The charm of the object of meditation makes you feel a little cautious in the choice of the object. In a highly philosophical sense, you can concentrate on any part of the universe and it will lead you to the entire structure of the cosmos. But this is hard in the beginning stages. You have to choose that which you love most and think is the best thing that you can satisfy yourself with. It is the whole thing that is there before you. The object of your meditation is not one thing among the many things in the world, because one thing which is only an item among many other things in the world will feel very humble and simple and neglected in the midst of the vast ocean of other things like it. It will not be pre-eminent or capable of satisfying you entirely, because there are other things also which are equally competent. One finite object is as good as any other finite object.

So if your object of meditation is one finite object, there is certainly a point in the mind running to other things. "When there are many other things which are equally good, as good as the object on which I am contemplating, why should I engage myself unnecessarily on this one object only? Why should I not go to other objects?" This is the philosophy of the distraction of the mind. But the choice of the object is to be such that it has to be above the finitude which is characteristic of things. In a sense, the object that you are contemplating is infinite in its possibilities and potentiality; it can give you everything.

Is there one thing in the world - think of it - that can give you everything that you want? You will find there is nothing in the world which can give you everything that you want. Everything can give you little, little things, but you cannot get all things. You have to find, by deepening your thought process, a thing which can give you everything possible - that is to say, a point of concentration which draws into itself the forces of the whole of nature, like a magnet pulling towards itself every iron filing around it. The object of your meditation is capable of pulling towards itself the whole cosmos of energy. On this you contemplate as something which enters you through your thought process of meditation and energises you at the same time with such potency as can be compared with the potency of the entire creation.

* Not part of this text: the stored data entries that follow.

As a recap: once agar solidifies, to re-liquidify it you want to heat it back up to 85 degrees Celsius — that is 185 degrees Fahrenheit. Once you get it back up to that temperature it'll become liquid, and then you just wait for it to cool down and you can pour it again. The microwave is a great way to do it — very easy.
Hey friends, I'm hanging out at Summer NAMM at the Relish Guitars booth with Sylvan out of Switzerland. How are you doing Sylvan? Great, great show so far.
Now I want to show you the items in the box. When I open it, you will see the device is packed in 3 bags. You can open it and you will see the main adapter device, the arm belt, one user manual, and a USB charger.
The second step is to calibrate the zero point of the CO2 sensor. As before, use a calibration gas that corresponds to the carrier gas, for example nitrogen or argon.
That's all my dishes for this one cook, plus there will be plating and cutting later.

Here you have to have the guidance of a teacher, because you cannot know what it is that you are thinking in your mind and what actually is the object that can satisfy you fully, entirely, eternally - for ever and ever. Normally, you cannot think of such a thing at all. This requires initiation by a competent master who knows the relationship between you and the entire creation around you. The problem is the relationship between you and the whole of creation around. However much you scratch your head, you may never know how you are connected with this world - this universe, this creation. Initiation by the Guru, by the mentor, by the teacher, by the guide, is a process of gradually, through an educational process, introducing you to the great concept of the cosmic relationship between you and the object of your meditation. Here is the sum and substance of the psychology of the meditational process.

Unless you know your mind, as I mentioned to you, you will not know anything because, somehow or other, the processes that you employ to attempt knowledge pass through the lens of the mind, which is partly a medium of thinking and partly a representative of the eternal object of your longing. Sometimes the lower mind and the higher mind are separated. The lower mind is that which pulls you toward the object of sense, and the higher mind, the reason, with a superabundance of intense longing for the higher, pulls you in the other direction. You are pulled horizontally by the lower mind in the direction of sense objects and you are raised up vertically by the reason, which is a reflection of Cosmic Intelligence.

Here is before you an outline of the psychology of meditation. With this knowledge you will choose your object correctly and you will never grieve, under any circumstance, because this thing on which you are meditating blesses you with everything.